P.R. : C'est exact, c'est le film dans le film, et finalement dans la vraie vie aussi.

C. : Comment as-tu fait avec si peu de moyens ?
P.R. : J'ai voulu faire ce film dans une certaine urgence, bien que le scénario était écrit depuis longtemps avec Loïc Porcher, le complice de mes autres films. On était parti sur un film plus "low budget". C'est amusant parce qu’en réalité, à chaque fois, je n'y arrive pas... Le naturel revient au galop. Travailler en fiction avec Rémon Fromont, c'est avoir toute une infrastructure, même s'il est capable d'utiliser aussi bien des caméras numériques que des caméras filmant avec de la en pellicule. Pour atteindre une certaine beauté, il a fallu se donner les moyens. On a donc décidé de le faire avec des fonds propres, mais il fallait commencer l'aventure et réunir une équipe de techniciens qui avait déjà travaillé dans mes films précédents notamment, Hugo Fernandez pour le son... On a construit peu à peu l'équipe.
Au début, j'ai un peu été effrayé par les moyens dont on avait besoin. Mais bon, on assume ! Pour pouvoir le terminer, on a fait appel à un financement participatif sur Internet, avec un site qui s'appelle Kisskissbankbank.com : jusqu'au 31 décembre, on peut y participer. Nous devons trouver quelques milliers d'euros pour nous permettre de terminer le projet.
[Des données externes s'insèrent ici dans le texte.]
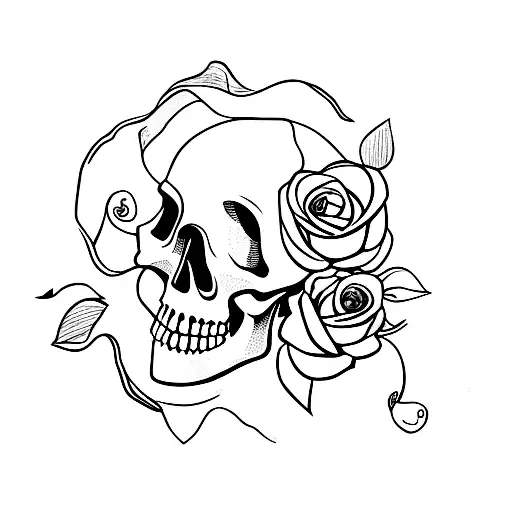Skull And Roses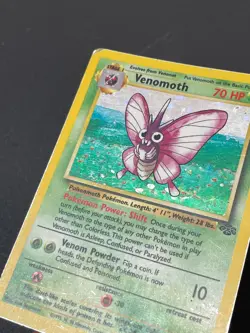 Venomoth 13/64 Holo Rare Unlimited Card WotC Pokemon Jungle - Image 3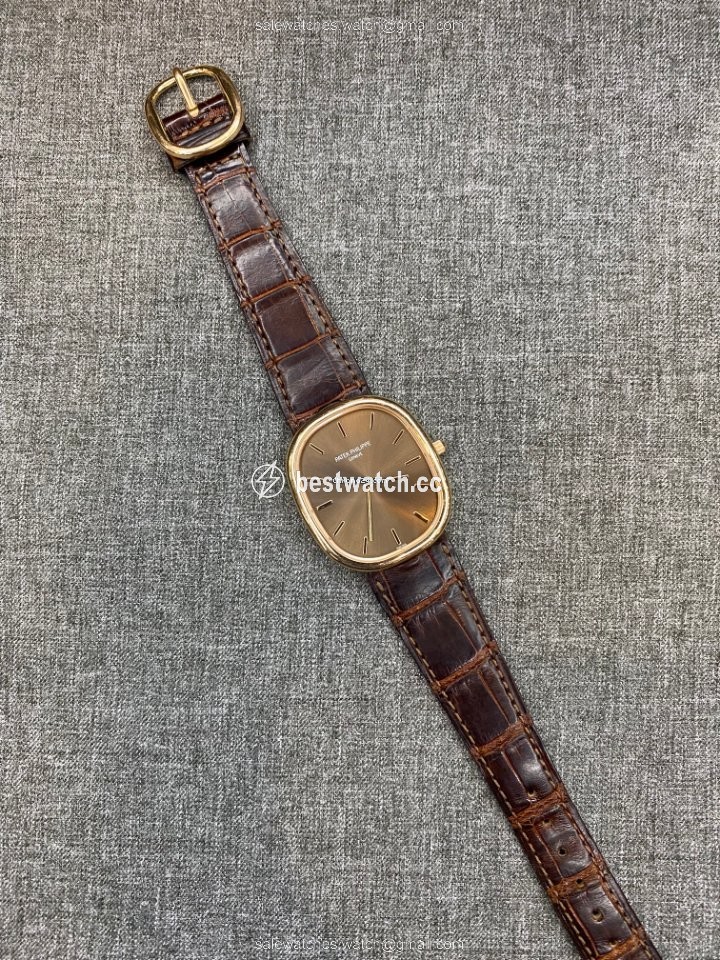 Patek Philippe Golden Ellipse Mens watch Unisex Automatic Rose gold 3738 100R-001 Replica 2
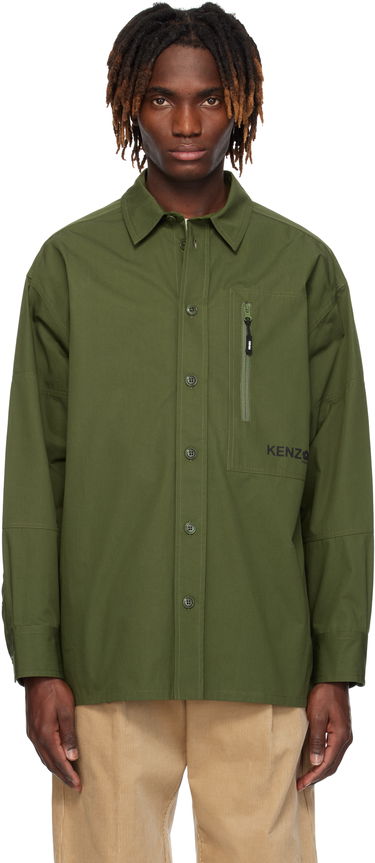 Риза KENZO Kenzo Paris 'Boke Flower 2.0' Oversized Shirt Зелено | FF55CH5049LP, 0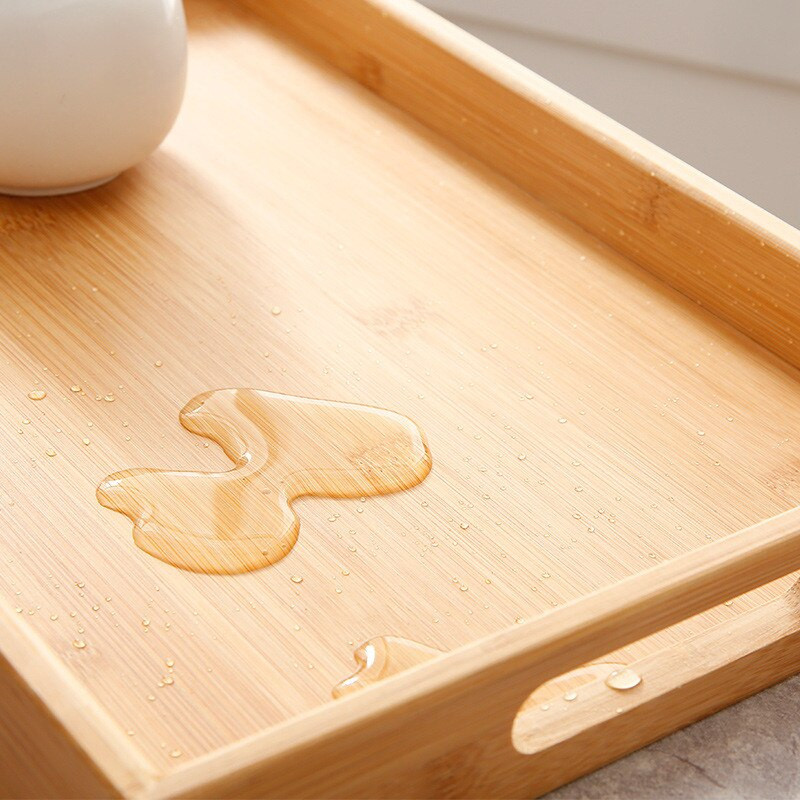 Bambusové drevené palety, obdĺžnikové taniere na čajové šálky, masívny drevený stojan na tanier, dekorácia hotelového taniera, úložný tanier, riad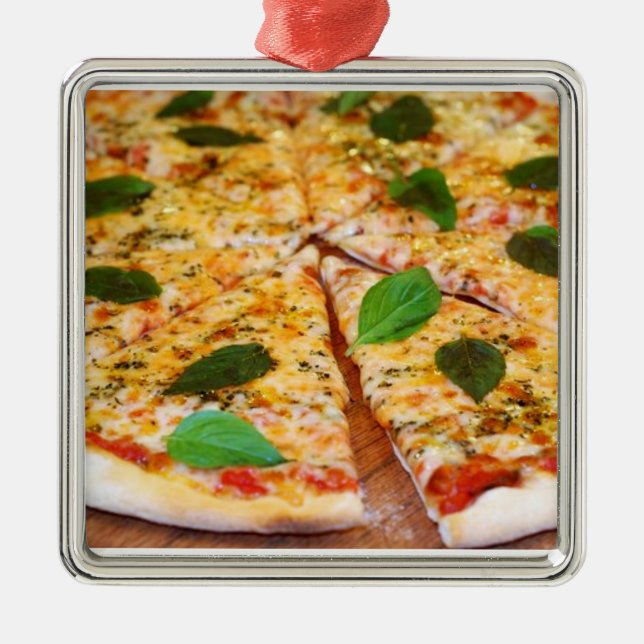 ORNAMENTO DE METAL **ENFEITES DE NATAL YUMMY PIZZA** (Frente)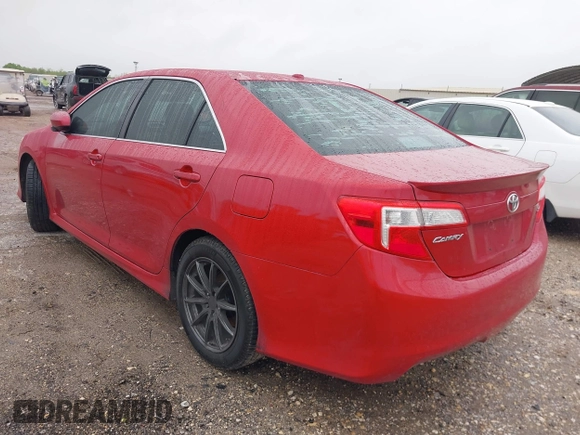 2012 Toyota Camry L with VIN 4T1BF1FKXCU569260, listed as a IAAI auction lot 41904621 with 48,521 mi miles. Bid and sale history available at carsss.com. Image 3.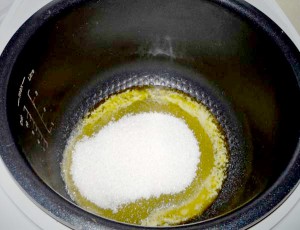 сливочное масло с сахаром
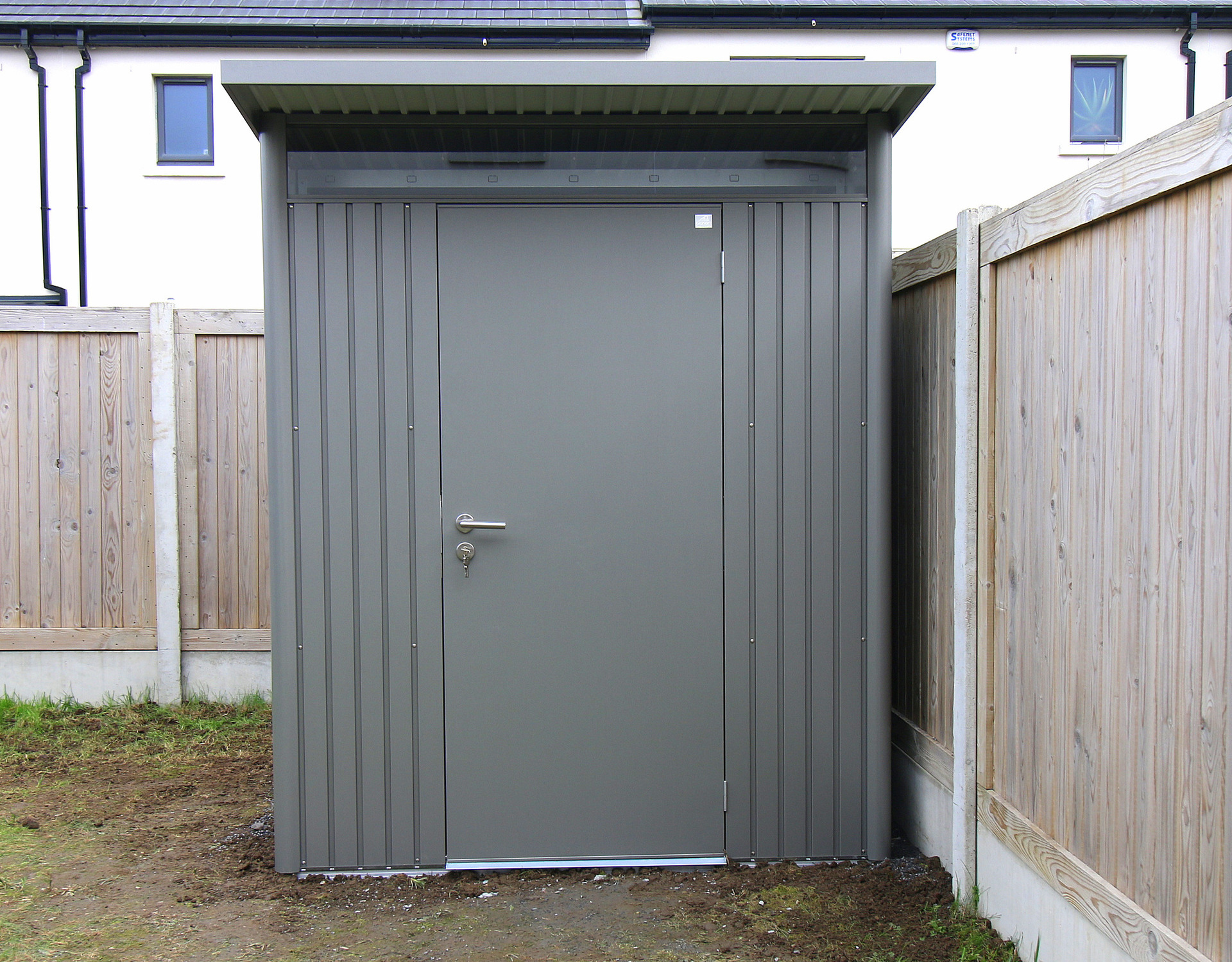 Biohort AvantGarde A2 in metallic quartz grey, supplied & fitted in Portmarnock   | Owen Chubb Ireland's Leading supplier of Biohort Garden Sheds & Storage Solutions | Supplied + Fitted Nationwide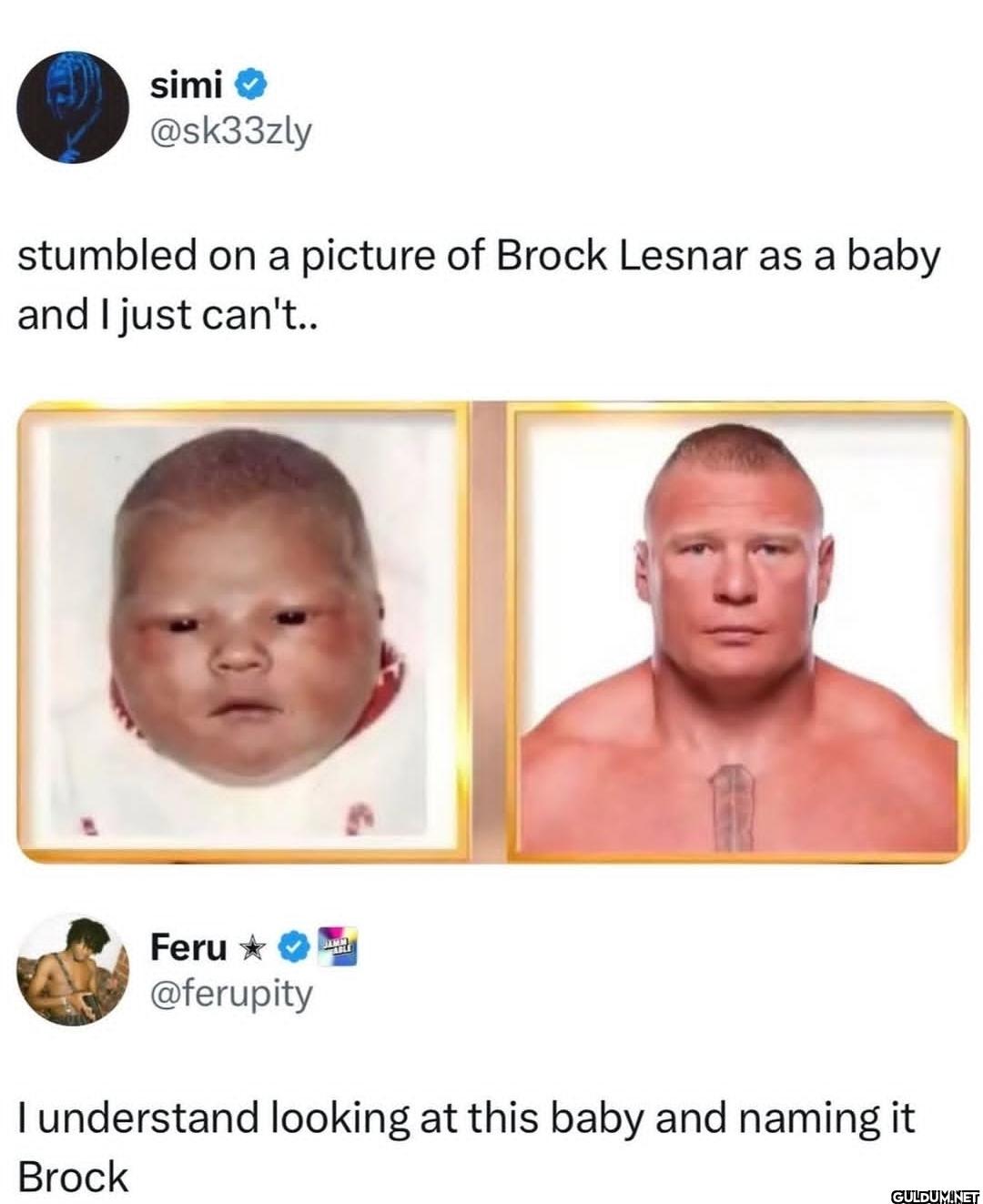 Brock was born ready to...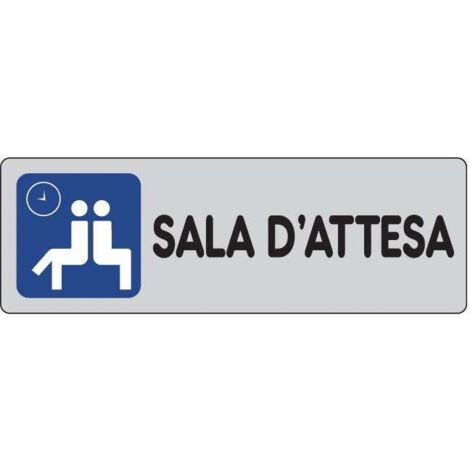 Cartello in Carta Autoadesiva 15x5 cm - SALA D'ATTESA
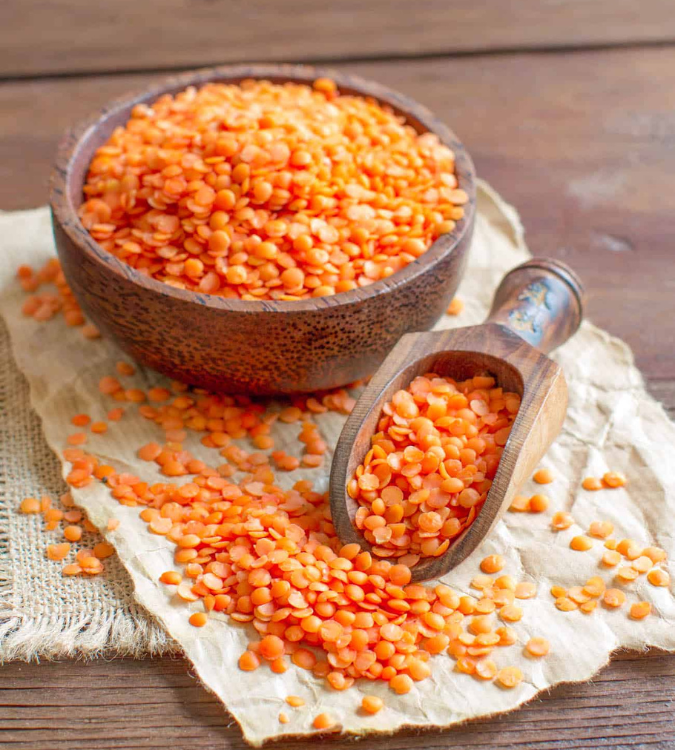 Organic Red Lentils 750g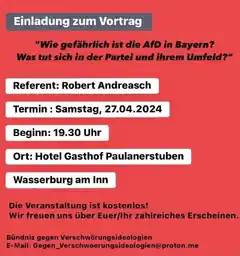 Fachvortrag in den Paulanerstuben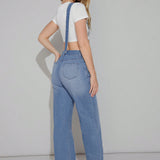 Pantalones Jeans De Mujer Con Tirantes De Un Solo Hombro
C. : Parle-nous de ton prochain projet. Il montre notamment les chœurs musicaux de l'Allemagne de l'Est. Le film est-il un prétexte pour la musique ou sert-elle à dénoncer un régime qui a disparu ?
P.R. :
On ne dénonce rien. Ce qui est important dans ce film, c’est de montrer à quel point la culture était une priorité dans les pays de l'Est. On se fait toujours un tableau noir de l'Allemagne de l'Est, mais c'est plus nuancé. Par exemple, la culture était l'un des paradigmes de l'Allemagne de l'Est. Le Chœur de Dresde avec Praetorius, Schutz et Bach était l'un des meilleurs du monde, et pas seulement parce qu'il servait à la propagande du régime. L'accès à la culture était très développé, et c'était gratuit pour tout le monde. Cet aspect-là est très important. Par ailleurs, n'oublions pas que Jean-Sébastien Bach était un citoyen de Leipzig. Ce qui est amusant, c'est que pour propager leurs idées, les Allemands de l'Est n'hésitaient pas à se servir des grandes figures du passé, même si la musique baroque de Bach est religieuse et que l’état ne l'était pas. Un paradoxe très intéressant : la musique religieuse comme ambassadeur des pays de l'Est, le fleuron de sa culture. Dans ce système, c'était un peu une île dans le territoire communiste dans lequel on trouvait des fils de pasteurs, des fils d'intellectuels un peu dissidents, des artistes que le pouvoir laissait tranquille.

C. : Il s'agit de la relation entre le communisme et la religion, mais aussi le passage de l'Est à l'Ouest...
P.R. : Et puis, il y a les gens qui faisaient le chemin inverse. Ils préféraient rejoindre l'Est. Ils considéraient que cela correspondait plus à leur philosophie politique.